TASK ITEM: Find the line with "Scan Now - PDF" in the records below, then please transcribe it and every later line exactly, omitting the pictures and adding nothing.

----------

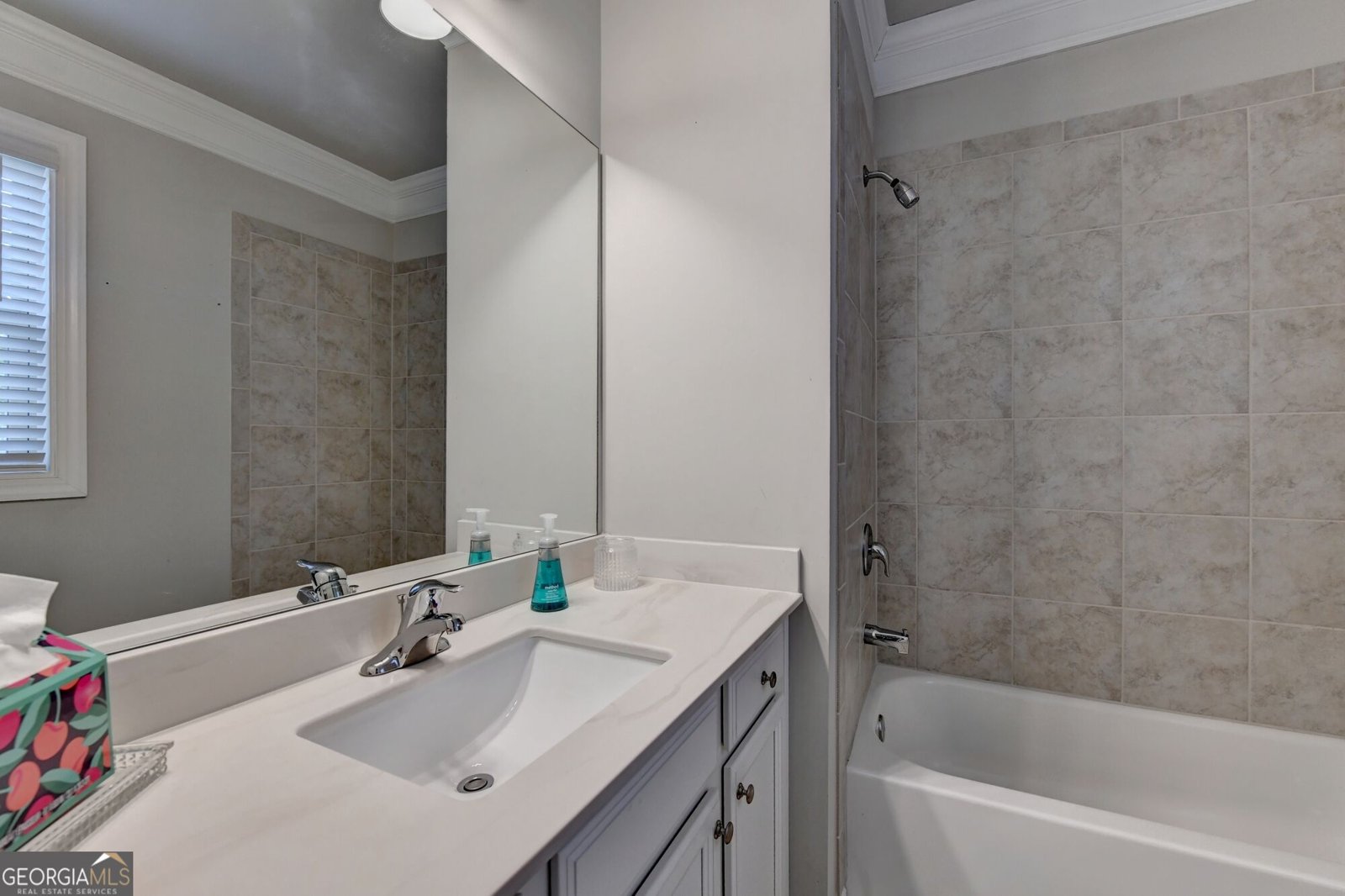 3860 Grandview Manor Drive Cumming - Photo 20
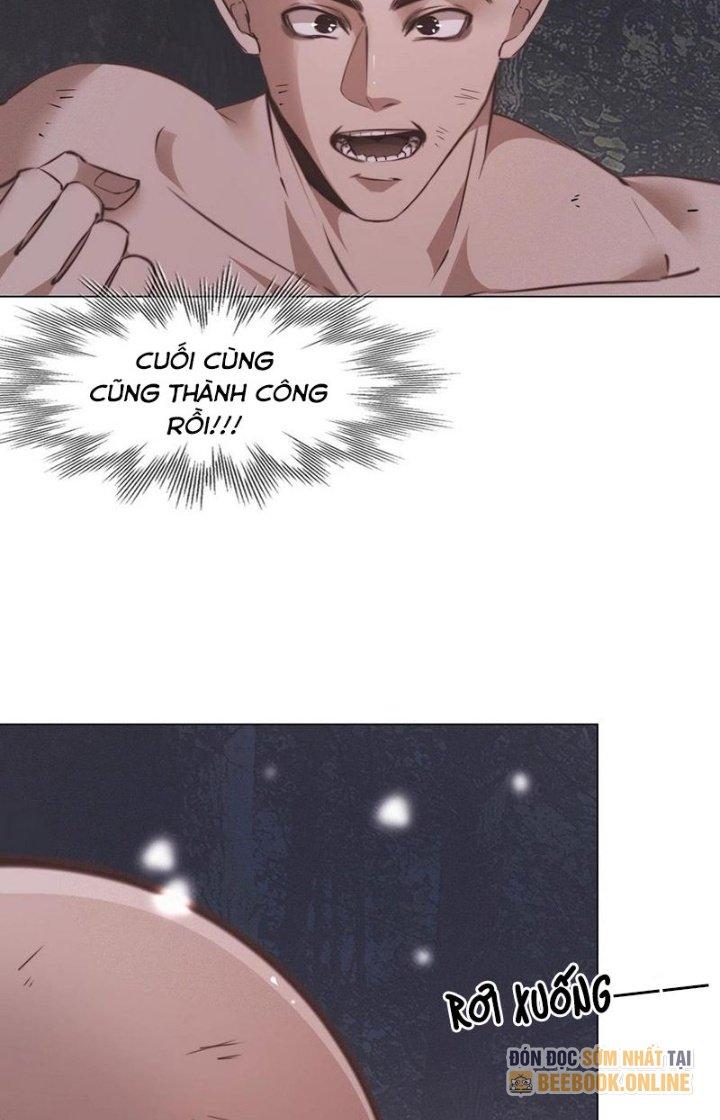 Trải Nghiệm Trở Thành Huyết Tộc Chapter 101 - Trang 3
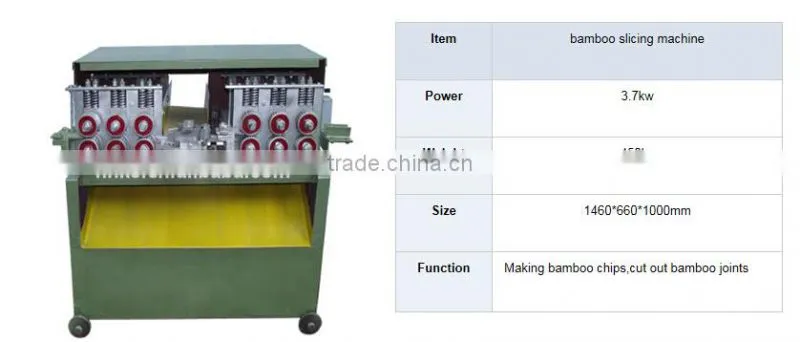 Automatic bamboo wooden chopsticksand toothpick making machine line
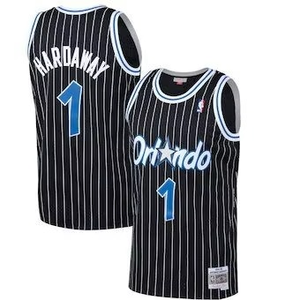 Maillots de basketball 2026 neufs en gros, bicolores, respirants, antibactériens, séchage rapide, meilleure qualité, personnalisables à 100 % - Product Image 4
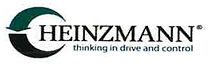 Фірма «Heinzmann GmbH & Co. KG» (Німеччина).png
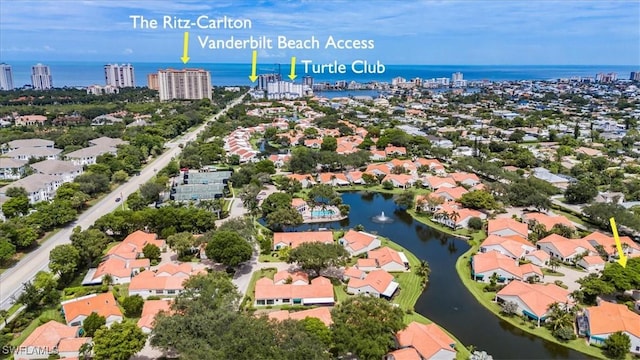 833 Reef Point Cir, Naples, FL 34108 - photo 17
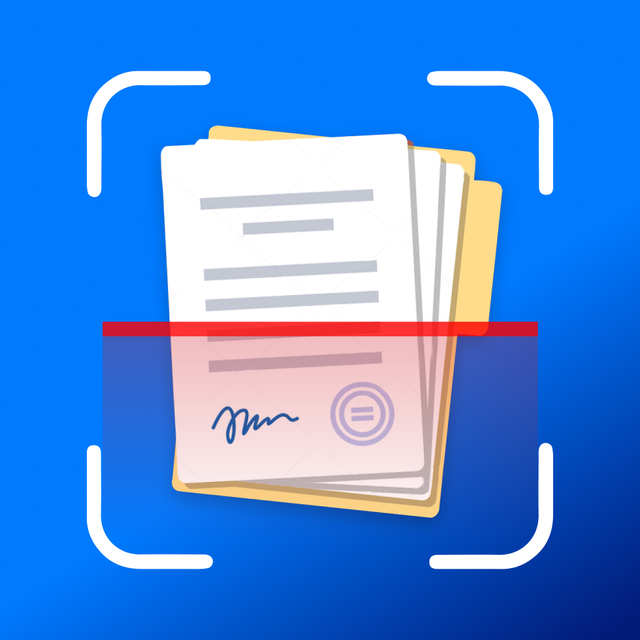 Scan Now - PDF Scanner App - Productivity App | MWM
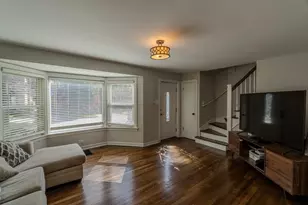 4210 Maple Ave, Brookfield, IL 60513 - Photo 3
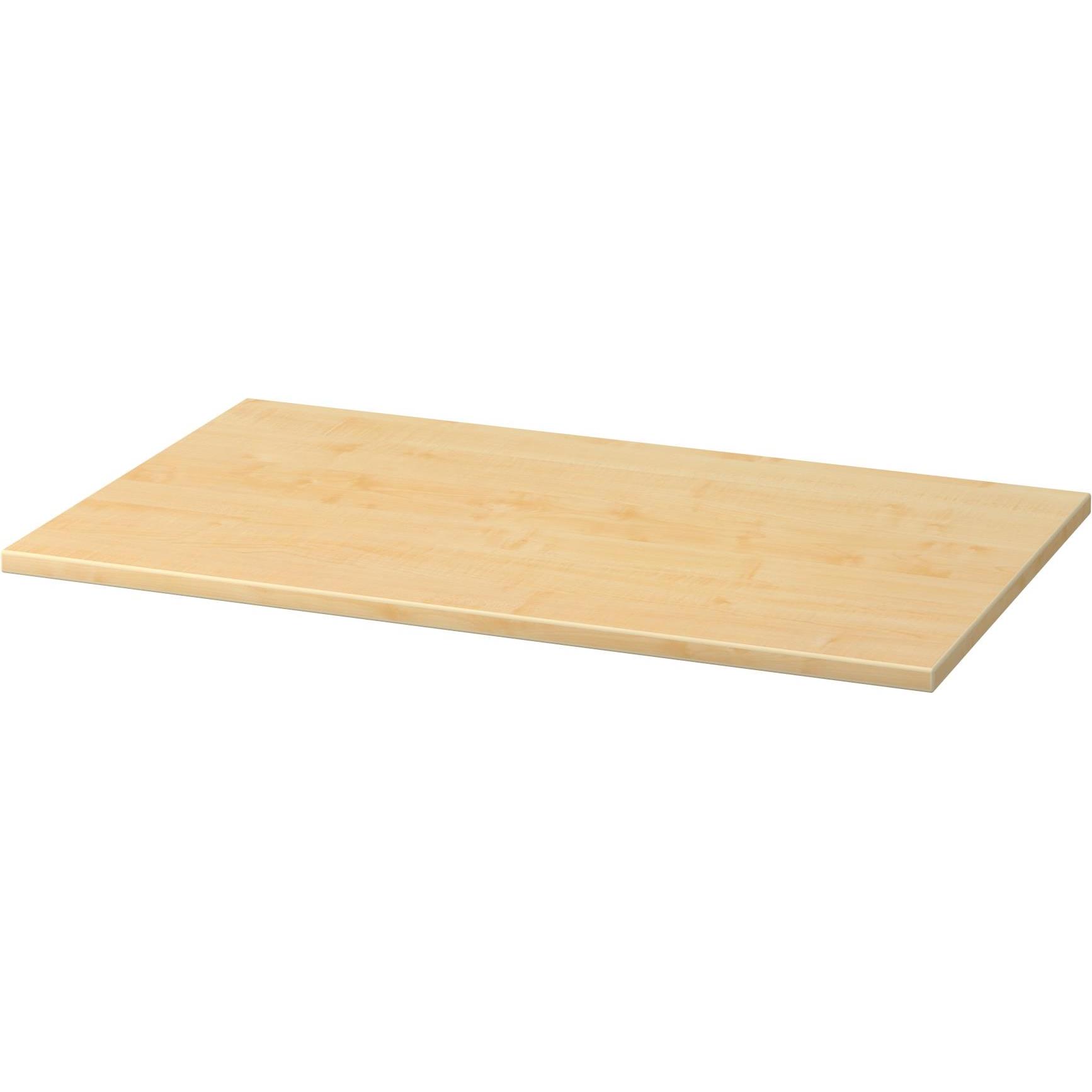 Thumbnail - Hammerbacher, Zubehör Büromöbel, Sideboard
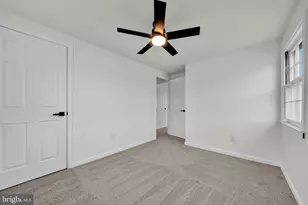 323 Edgewood Ave, Lansdale, PA 19446 - Photo 35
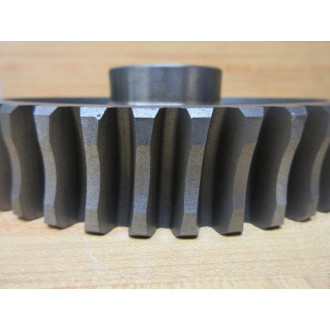 KHK CG4-50R1 Worm Gear CG450R1
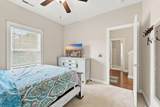 9104 Minim Ct. - Photo 23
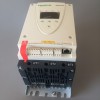 ʩ͵ATS22D62Q,30KW62A,380V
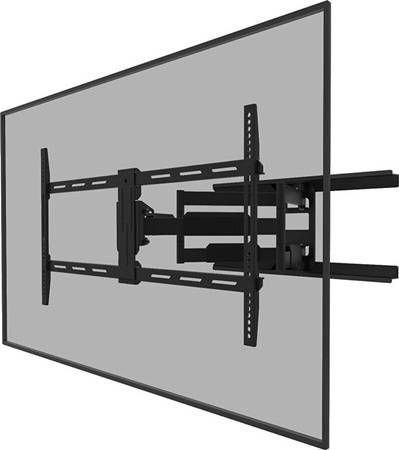 Neomounts by Newstar WL40-550BL18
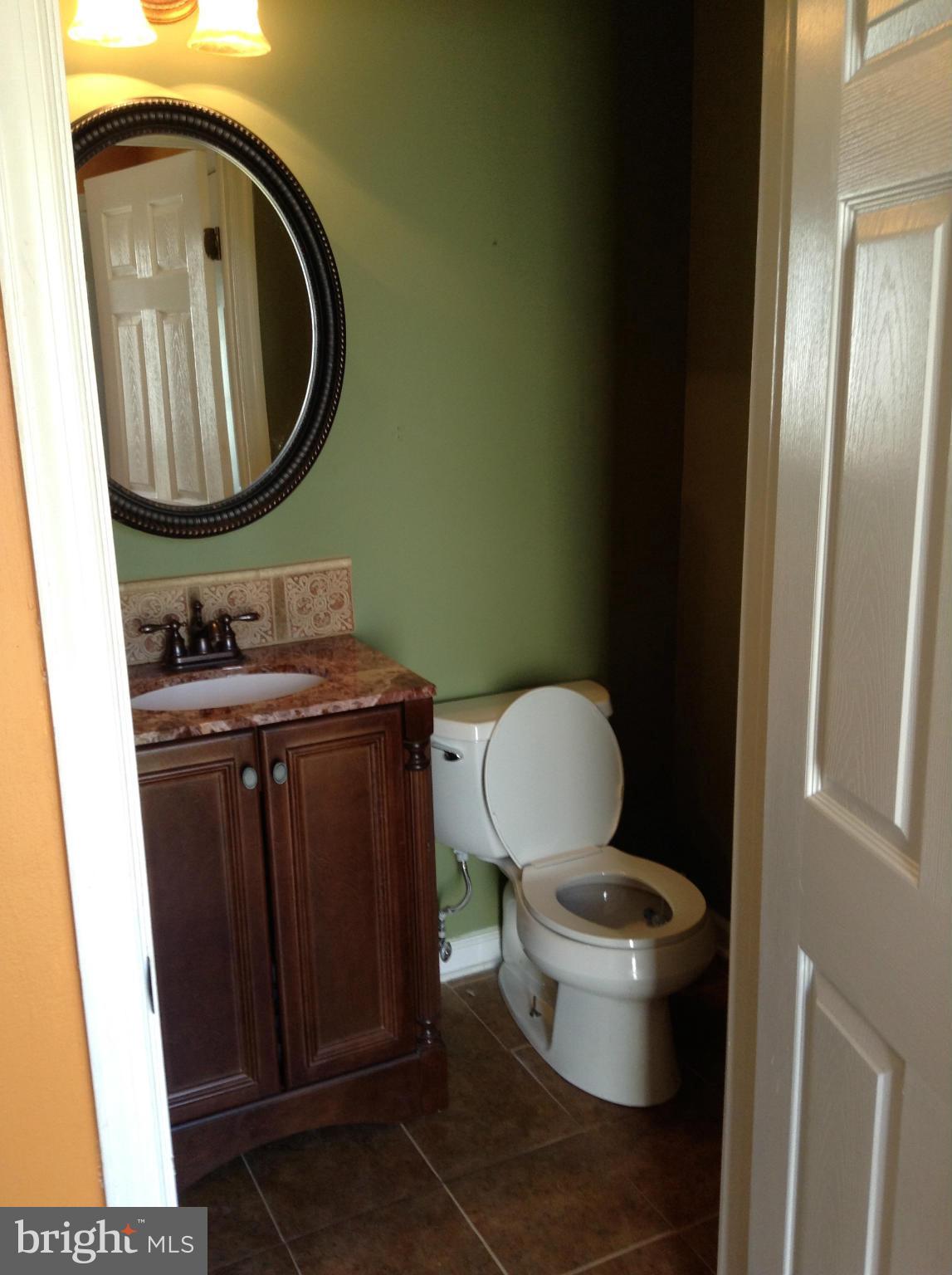 ROLLINGWOOD VILLAGE - Residential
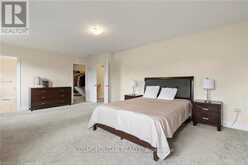 4500 ECLIPSE WAY | Niagara Falls Ontario | Slide Image Nineteen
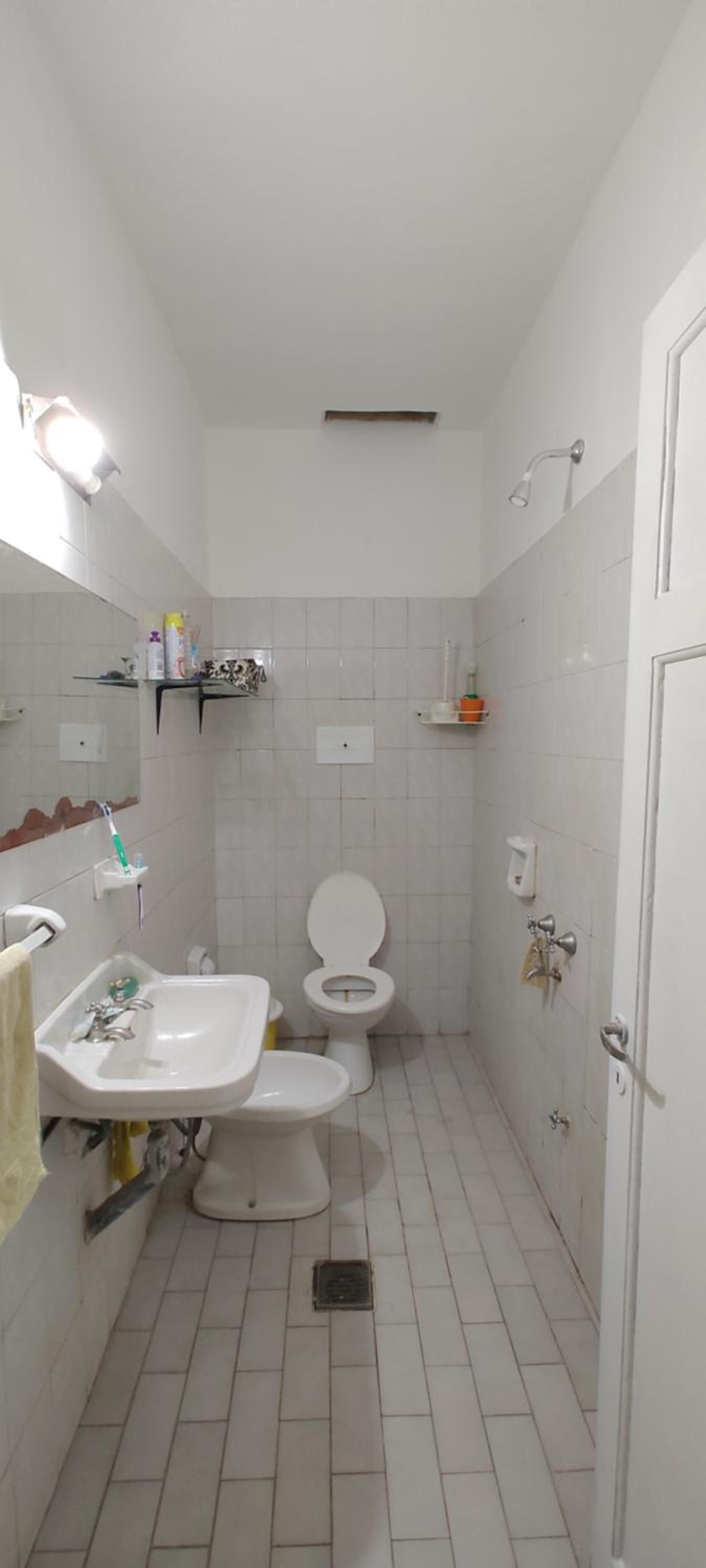 Habitación Privada en casa compartida, para mujeres, parejas, grupo mixto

----------

REPLY TO THE EXERCISE:
 Scan Now - PDF Scanner App - Productivity App | MWM
 4210 Maple Ave, Brookfield, IL 60513 - Photo 3
 Thumbnail - Hammerbacher, Zubehör Büromöbel, Sideboard
 323 Edgewood Ave, Lansdale, PA 19446 - Photo 35
 KHK CG4-50R1 Worm Gear CG450R1
 9104 Minim Ct. - Photo 23
 ʩ͵ATS22D62Q,30KW62A,380V
 Neomounts by Newstar WL40-550BL18
 ROLLINGWOOD VILLAGE - Residential
 4500 ECLIPSE WAY | Niagara Falls Ontario | Slide Image Nineteen
 Habitación Privada en casa compartida, para mujeres, parejas, grupo mixto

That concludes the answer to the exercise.